Everyone is full of Aloha and good cheer. Our teacher radiates good humor about our obvious inexperience and his confidence in our potential to pick this stuff up makes me, at least, want to be successful. His invitation to include this handful of amatuers in his set is so generous that I don't want to disappoint him by screwing it up. (In fact, I should be practicing Right Now.)

 
Thursday, October 16, 2003
  No, I mean it. I'm totally done now. It just happened by accident. I just sort of stumbled across it on eBay Deutschland. They're usually over 900 dollars so when I saw this one listed at well under the standard price well, I couldn't really just let it sit there and go to someone who doesn't know what it is. I did set a reasonable bar for it. I wasn't going to pay list price, no sir. And I wasn't going to even pay the least bit of attention to the Ovation that the guy also had listed, or to his pineapple that he insists is Hawaiian built, even though Google leaves one with the strong implication that the pineapple builder in question lives in Marin County, California, NOT in Hawaii at all.

I'm just saying that it wasn't like I was shopping for real. And anyway, I can't deal with eBay because it's just too stressful. Which is why I asked Julius to look in to it. And why there are now seven, count them, seven ukuleles. When you think about what we got, it's really not that much money. We have 32 strings. 5 sound holes (the banjos don't have them). More than 84 frets.

I'm a little concerned that this makes me a 'collector.' But I don't have them for the sake of having them, I play them.
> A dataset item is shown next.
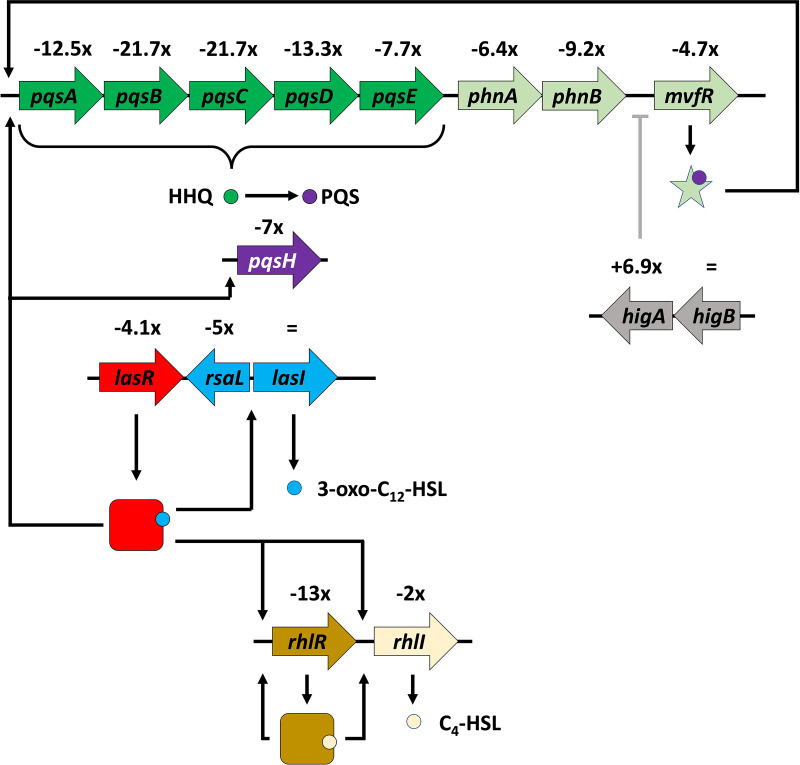 FIG 4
All of them. I still play the baritone, the first one I got, and the banjo goes with me to the Halau because it's really too loud to play at home. And the Royal Aloha, the one I got that really pushed me over in to the full frenzy of ukulele madness, well, that one sits on the couch and I really do play it every single day. I play it while I'm watching TV and reading email and waiting for my spuds to be done baking. Hell, I played it while the coffee was brewing this morning. Sometimes I play it in the car. Seriously.

This is a lot of rationalizing. I know my uke associates would understand my abnormal acquisitiveness. Plus, there is no denying that it was an outrageous deal. They normally cost right around the neighborhood of 1000 dollars and this was nowhere near that. So how could I pass it up? How could I? This is not in character for a person who drives a 18 year old Toyota. What the hell is wrong with me?

You'll be wanting to know what I bought, won't you? It's a Kamaka 8 string tenor. I don't deserve it, to be sure. Let's hope I can turn out to be worthy of owning it. At least in my hands it will be a lot closer to Hawaii then it is now, in the heart of Berlin.

More rationalization. I know.
 
Sunday, October 12, 2003
  Julius sent me an IM on Friday saying “Oops.” An oops with Julius usually means he bought something silly and this particular oops is no exception.

Julius is unbelievably supportive of the whole uke initiative; you might even call him a sponsor. He did hand me the 30 dollars I needed to take home the Royal Aloha. He followed that up by buying me a mid-range uke to play while I’m housed at the foreign office over the winter, a little mahogany number called a Kiluea. And he ‘oopsed’ yesterday when he turned out to have won a George Formby banjo uke on eBay yesterday. “Stop shopping for ukuleles!” I told him. “Oh, and, um, THANKS!” This latest accidental acquisition brings the count of ukuleles up to six – four here in Seattle and two at the foreign office.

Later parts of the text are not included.